習志野の投手起用に見る球数問題。エース温存で投手陣はみな成長した

  • 元永知宏●取材・文 text by Motonaga Tomohiro
  • photo by Ohtomo Yoshiyuki

 投手の投球過多が問題になる昨今、今年の春のセンバツで決勝まで駒を進めた習志野(千葉)の戦いは貴重なサンプルだった。同大会の全5試合で、エースの飯塚脩人ではなく、2番手、3番手を先発させる形を取ったのだ。アンダースローの岩沢知幸、当時1年生のサウスポー・山内翔太が得点を許しながら、リリーフした飯塚が守りからリズムを作り、中盤から後半の逆転勝ちにつなげた。

 この戦法には、「相手に先手を取られるリスクが高い」という大きなデメリットがあるが、それを補って余りある効能があった。それは、エースの体力を温存し、フレッシュな状態でマウンドに上げることができたことだ。

 センバツ初戦の日章学園(宮崎)でリリーフ登板した飯塚は、1回3分の2、33球で試合を終わらせた。

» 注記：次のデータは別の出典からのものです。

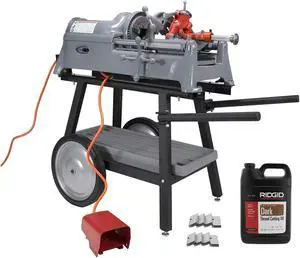 RIDGID® 535 V1 Pipe Threading Machine with Dies Die Heads Oil & New Cart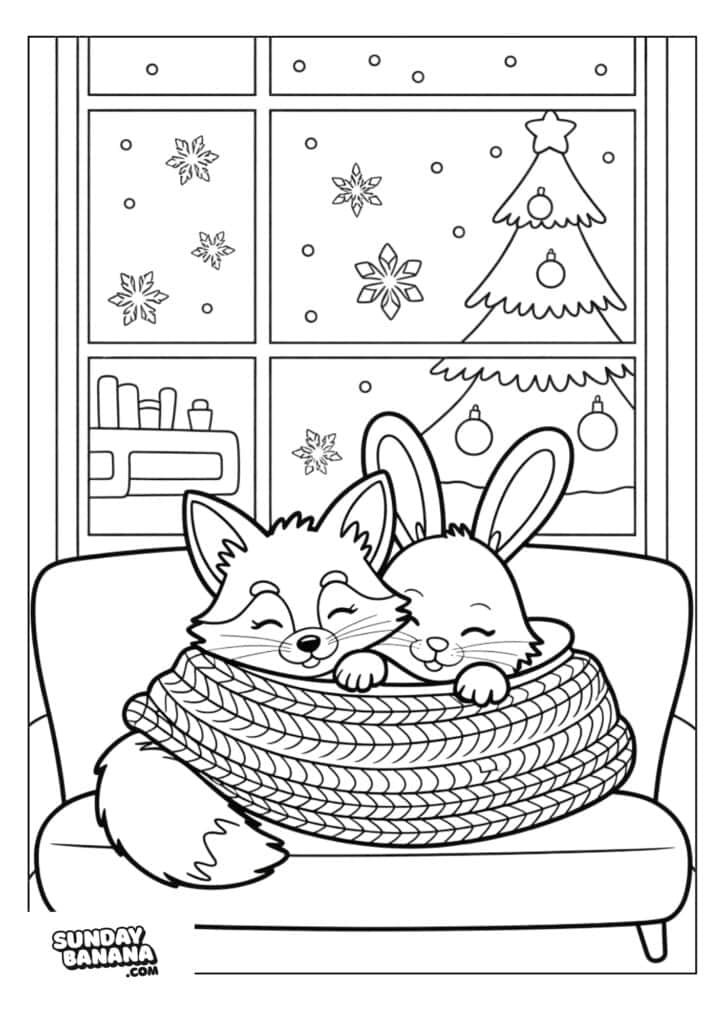 A fox and a rabbit cuddle under a knitted blanket on a sofa. Behind them, a window shows snowflakes falling and a decorated Christmas tree. Books sit on a shelf by the window. The scene feels cozy and festive.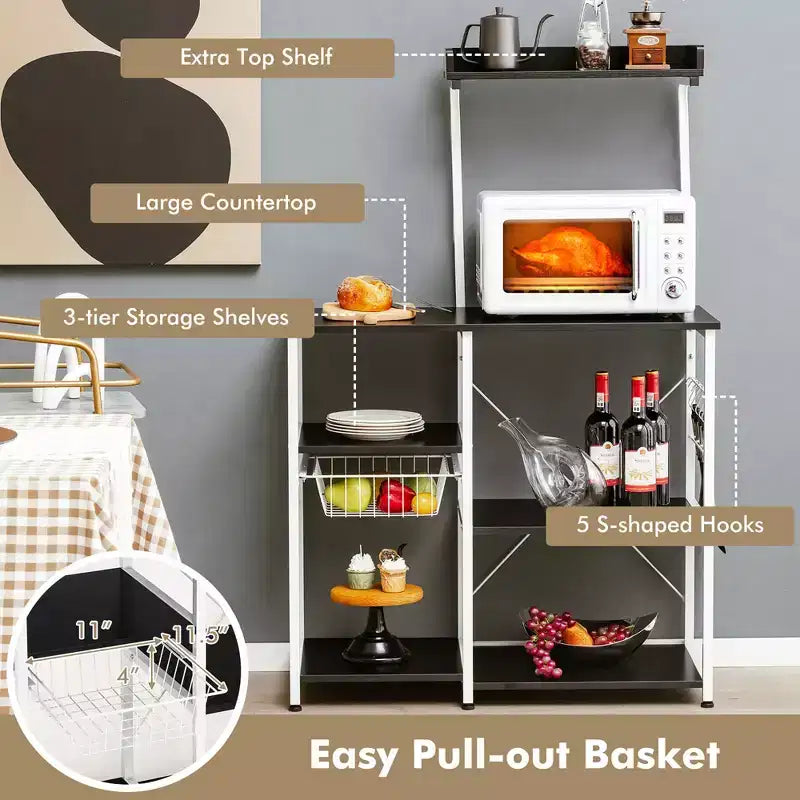 Étagère de cuisine vintage à 4 niveaux avec panier et 5 crochets pour micro-ondes
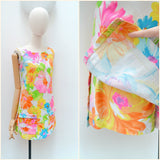 1960s Neon floral playsuit - Extra small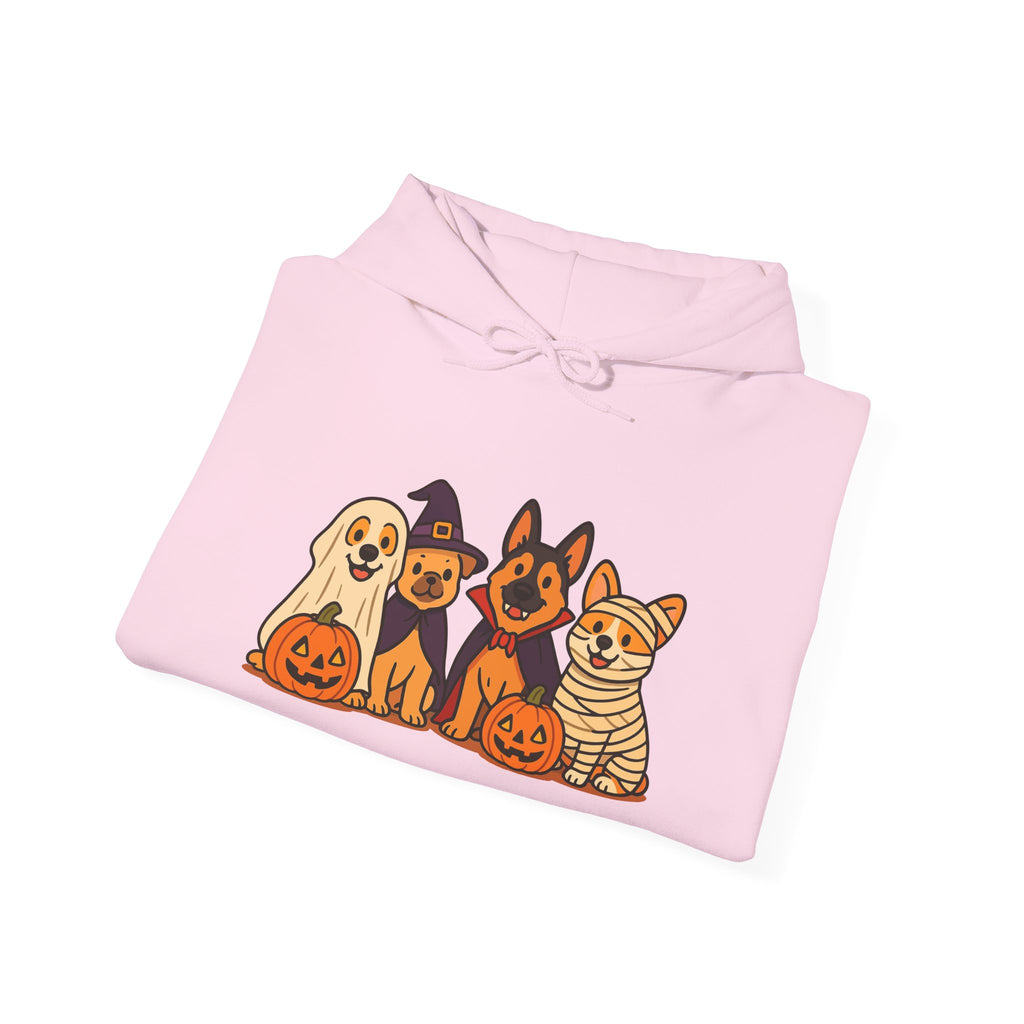 Halloween Dogs Hoodie – Cute Puppies with Pumpkins & Witch Hat Sweatshirt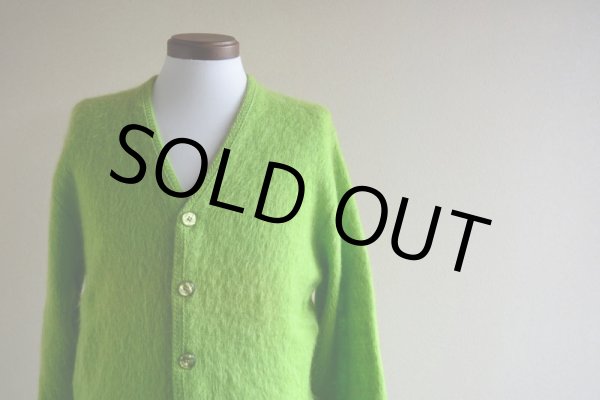 画像5: 1960s-70s ARENA モヘアカーディガン　 ライムグリーン　 表記M  (5)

続く星稜(石川)戦は7回3分の1を投げて96球、準々決勝の市立和歌山(和歌山)戦は8回を投げて113球。準決勝の名豊(大分)戦は先発した山内の好投もあり、3回を49球で締めて決勝進出を決めた。

 決勝の東邦(愛知)戦では、初回に奪われた3点が大きくのしかかり0-6で敗れたが、5回途中から最後まで投げ切った飯塚の投球数は52だった。5試合を戦って、100球を超えたのは市立和歌山戦の1試合だけ。エースの投球回数をコントロールしながら勝ち上がった、小林徹監督の選手起用は見事と言うしかない。

 その大会で先発を任された山内、岩沢にとっては荷が重かったかもしれない。山内は初戦こそ7回3分の1を投げて2失点と好投したものの、準決勝、決勝はいずれも初回に3点を取られた。岩沢は2回戦で1回1/3、準々決勝ではわずか1回でマウンドから降りている。

 しかし、こうしたリスク承知の投手起用によって、とくに山内は大きく成長した。夏の千葉大会で3試合に登板し、許した失点は2。八千代松陰との決勝では9回を被安打2、10奪三振の好投を見せた。ちなみに、エースの飯塚は千葉大会で23イニングしか投げていない。

 さらに、試合を重ねるごとに終盤の打線の粘り強さも醸成されていった。実際に、センバツでは星稜、市立和歌山、明豊という難敵を相手に、見事な逆転勝ちを収めた。

 それらの効能が、夏の甲子園の初戦、沖縄尚学(沖縄)戦でも表れた。

 2-0とリードして迎えた4回裏に先発の山内が3点を奪われて逆転されたものの、すぐさま5回表に同点とした。その後、6回裏に許した1点を追いかける9回表に再び追いつき、試合は延長戦に突入。10回表に勝ち越し点をあげて試合をモノにした。先発・山内は5回3分の0を3失点、打っては3安打1打点と活躍。山内の後を引き継いだ飯塚も、気迫あふれる投球を見せて逆転勝利を呼び込んだ。